Depuis le 15 décembre, on observe une hausse des taux longs en zone euro, aux États-Unis et au Royaume-Uni, qui se rapprochent des niveaux observés avant l’éclatement de la pandémie (Graphique 5). L’évolution est bien plus modeste au Japon. Le taux moyen sur les obligations publiques émises dans la zone euro a augmenté de 24 points de base avec une hausse légèrement plus marquée en Italie et en Espagne qu’en Allemagne et en France. Aux États-Unis, l’augmentation est comparable : -24 points de base entre le 14 décembre 2021 et le 4 janvier 2022 ; mais le taux reste inférieur à son niveau d’avant-crise. Quant au Royaume-Uni, elle dépasse 35 points de base. Les marchés ont donc intégré un durcissement modéré de la politique monétaire à l’horizon 2022. Dans l’éventualité où l’inflation se maintiendrait durablement au niveau observé en fin d’année 2021, les banques centrales pourraient accélérer le calendrier de normalisation de la politique monétaire, soit via des hausses supplémentaires de taux directeur soit par une réduction de la taille de leur bilan, ce qui se traduirait sans doute par une nouvelle hausse des taux longs.

L’année 2022 devrait donc être caractérisée par une remontée des taux à court terme et sans doute aussi à long terme au Royaume-Uni et aux États-Unis. Il est évident que la poussée inflationniste observée depuis mi-2021 conduira les banques centrales, en particulier la BoE et la Réserve fédérale, à accélérer le processus de normalisation. La normalisation est également importante pour redonner des marges de manœuvre aux banques centrales en cas de nouveaux chocs négatifs. L’arrivée du variant Omicron suscite toutefois de nouveau de l’incertitude quant à son impact économique. Même si les agents se sont en partie adaptés aux contraintes prophylactiques, un ralentissement de la croissance sans baisse des tensions inflationnistes placerait les banques centrales dans une position d’arbitrage plus délicate entre leur objectif de stabilité des prix et le besoin de soutenir l’activité.


[1] Voir le post de l’OFCE du 17 décembre 2021 sur ce point et l’analyse plus détaillée de Le Bayon et Péléraux (2021).

[2] Le taux directeur fixé par les banques centrales représente une cible pour les taux de marché à très court terme. Les variations de ce taux visent ensuite à influencer l’ensemble des taux de marché le long de la structure par terme et des taux bancaires.

[3] La Réserve fédérale et la BCE ont d’ailleurs récemment réaffirmé le caractère symétrique de cet objectif en révisant leur cible d’inflation.

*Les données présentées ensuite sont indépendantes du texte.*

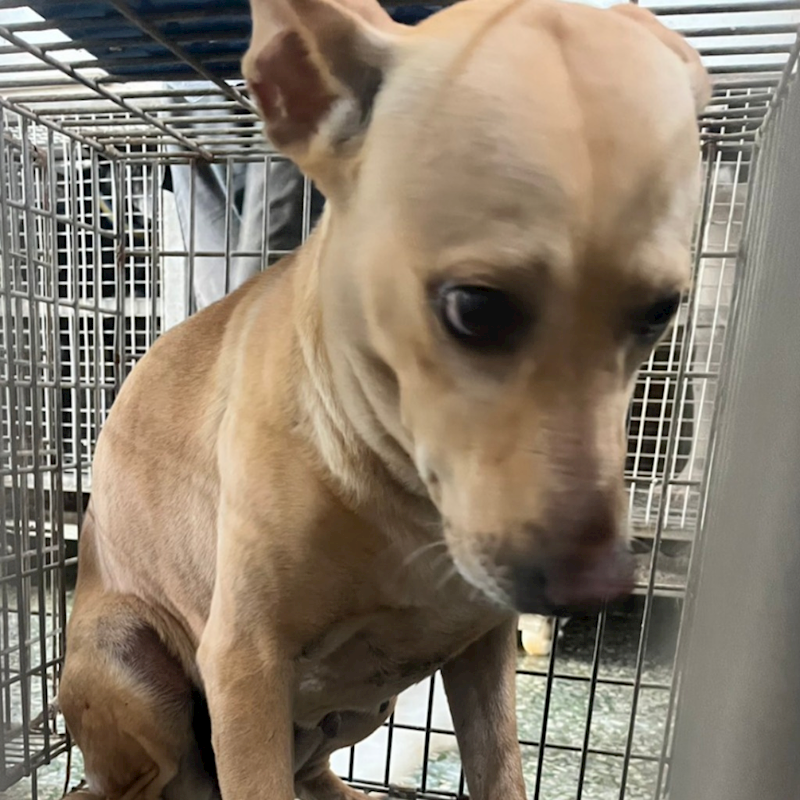 臺南市動物之家善化站,編號:444419, 混種犬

[4] L’inflation mesurée par l’indice des prix à la consommation augmentait de 7,1 % en décembre.

[5] En décembre 2021, l’indice des prix à la consommation corrigé des prix alimentaires et de l’énergie augmentait de 5,5 %.

[6] La détermination des anticipations d’inflation diffère entre les banques centrales. Dans le cas de la Réserve fédérale, il s’agit des anticipations formulées par les membres du FOMC tandis que pour la BCE, ce sont des anticipations réalisées par les économistes de la BCE.

[7] Respectivement 2,3 % et 2,2 % en fin d’année aux États-Unis et au Royaume-Uni respectivement et 1,8 % sur l’ensemble de l’année en zone euro.

[8] Voir nos prévisions économiques d’octobre 2021 publiées dans le Policy Brief n°94 : Le prix de la reprise.

[9] Voir le post de l’OFCE du 4 janvier 2022 et l’analyse détaillée de Blot, Bozou et Hubert (2021).

[10] Voir Gagnon et Sack (2018) pour une comparaison de ces deux stratégies.

[11] Mesurée en point de PIB, la taille du bilan a baissé un peu plus tôt, passant de 26,4 % au premier trimestre 2015 à 18,8 % au deuxième trimestre 2019. Avant la mise en œuvre de mesures non conventionnelles, le bilan de la Réserve fédérale représentait entre 6 et 7 % du PIB.

[12] Ce scénario est celui qui ressort des Minutes. La Réserve fédérale publie 3 semaines après la réunion un compte rendu détaillé de la réunion du FOMC.

[13] Voir Blot, Bozou, Creel et Hubert (2021) pour une discussion plus approfondie sur les objectifs et les effets des programmes d’achats d’actifs souverains mis en œuvre par la BCE.

[14] Le communiqué du 16 décembre indique effectivement que : « We expect net purchases to end shortly before we start raising the key ECB interest rates ».